この11月9-12日中国では、「3中総会」即ち、一年前習近平氏の共産党総書記就任後の3回目の中央委員会が開催されました。日本では新設の国家安全委員会に就いていろんな解釈がなされているが、一部理解不足があるようです。
1、 即ち、中国は憲法で行政、議会、司法を初めとして諸々の社会活動は共産党に指導されると規定されているので、全国隈なく党の指令が行き届いている様に錯覚し易いが、実際は地方政権(日本で言えば地方自治体)が半ば独立政権であるが如く、勝手放題な施策を進めようとしているのが実態です。地方が準備し企業誘致しようとしている工業開発用地一つとっても、全部推進可能とすれば全世界の経済力の半分以上は中国が占めることになるでしょう。他にも類似事例が少なくない事は、現地で仕事を通じて長期滞在されている皆さんは、少し注意深く観察していくと分かるでしょう。
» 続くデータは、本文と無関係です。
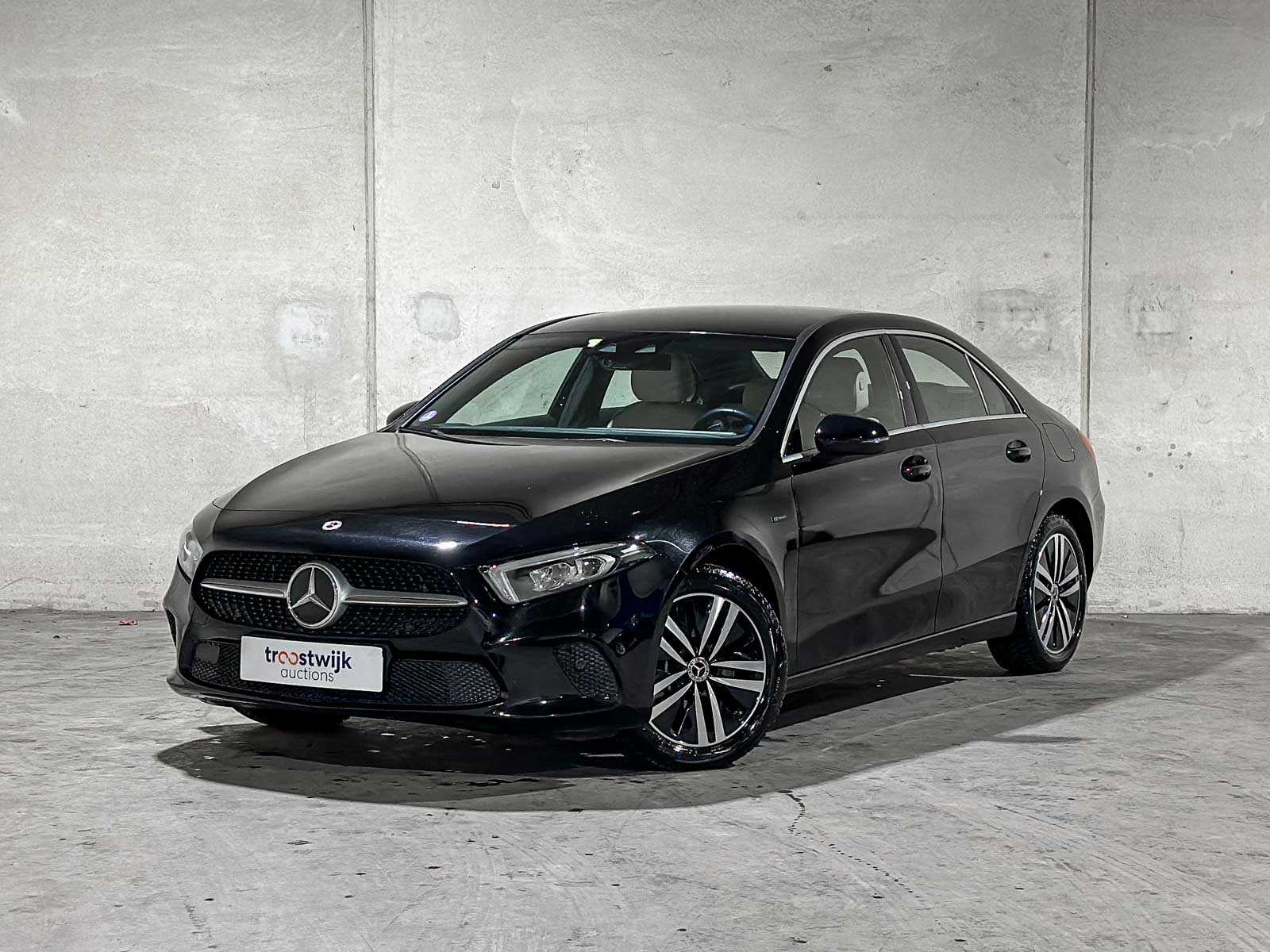 Mercedes-Benz A250 e Business Solution Luxury Limited 218pk 2020 (Origineel-NL + 1e Eigenaar) A-klasse, J-849-SG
2、 日本でも縦割り行政と言われるように、横の連携が必ずしも良くない情況は時々報じられていますが、中国ではより深刻な様です。日本ではあまり報道されないが、中国に於ける国家安全部の強大な権力は、壮大なオフィスビルが各地に林立されている情況からだけでも、容易に推測可能でしょう。武装警察と共に25年前の天安門事件発生ごろから強化され、予算や人員も解放軍に匹敵すると言われます。天安門事件が発生したころは、その取締りに公安当局は優柔不断であり、我々北京駐在日本人は再三に亘り、「もし類似状況が日本の皇居前広場で発生すれば、直ちに消防署の力も借りて、この様な違法座り込みは解散させるでしょう。中国当局が出来ない訳がない」として、中国側に申し入れをした程でした。
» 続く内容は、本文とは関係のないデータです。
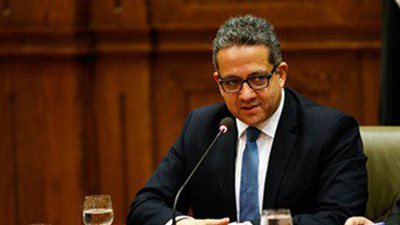 «مخازن سقارة» تطالب «الشحات» بتسليم كاميرا ولاب توب في عهدته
3、 国家安全委員会が解放軍や外交当局も含めて一元的に統制していけるかどうかは疑問ですが、この様な組織を新たに設立せざるを得ないと言うことは、党中央の指導力強化を目指していることは間違いないでしょう。汚職撲滅や所得格差の縮小、公害対策等なかなか成果が上がらない実情もあります。貧しい農民や労働者即ち一般大衆の味方であった中国共産党も時間が経過すると、何時の間にか特権階級に変色してしまいました。中国では斯様な人達を権貴族と言いますが、私が昔中国と並んで交流したソ連の人達は、ずばり「支配階級」と称していました。やはり「権力は腐敗し易く、絶対的な権力は絶対に腐敗する」と言う歴史的に証明された事象は、残念ながら中国でも同様と言えるでしょう。既得権者に切り込むのは極めて困難ですが、思い切った改革が不可欠でしょう。只推進する過程が中国国内だけでなく、対外的にも悪い影響を与えるハードランディングではなく、ソフトランディングであることを祈りたく。
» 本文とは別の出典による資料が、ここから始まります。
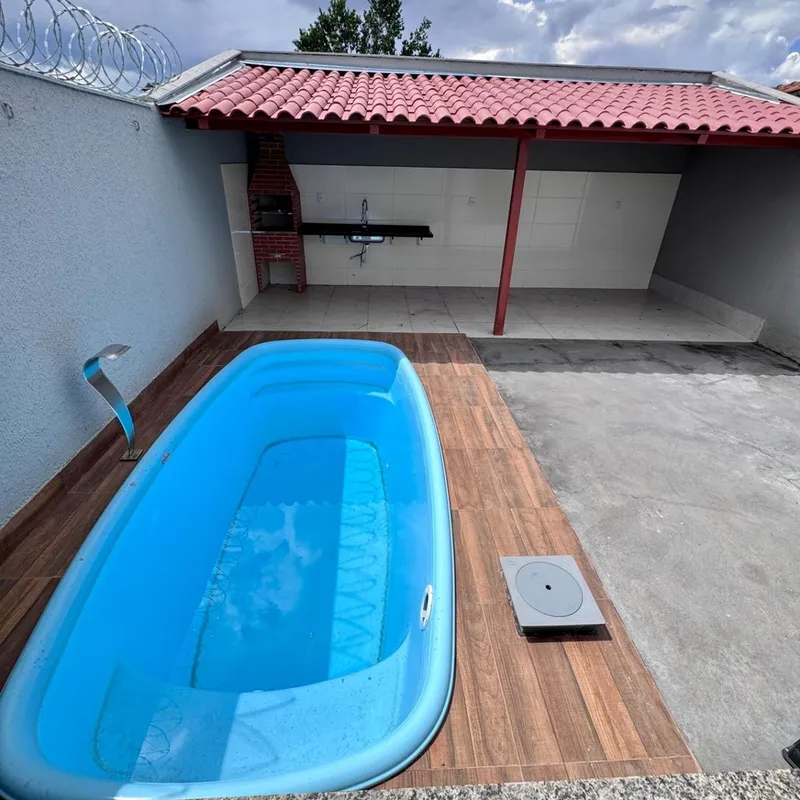 ??CASA COM PISCINA - BAIRRO INDEPENDÊNCIA - APARECIDA DE GOIÂNIA?? Característic...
4、 新華社が伝えた「3中総会」のコミュニケを読んで、昔再三中国政府の中堅幹部より聞かされた、「中国の指導層にとって最重要課題は、国の統一を守ること及びどんな災害があっても人民大衆の食の問題を保証することの2点である」を思い出しました。
この現代的意味は①貧困を撲滅し所得格差を縮小し、少数民族を含め国家統一を保持することであり、②環境保全を徹底し、農民をして営農意欲を奪わないことであると見られます。人治主義から法治主義に移行し、社会的公平と公正を確保していけるかどうか
今後とも注目していきましょう。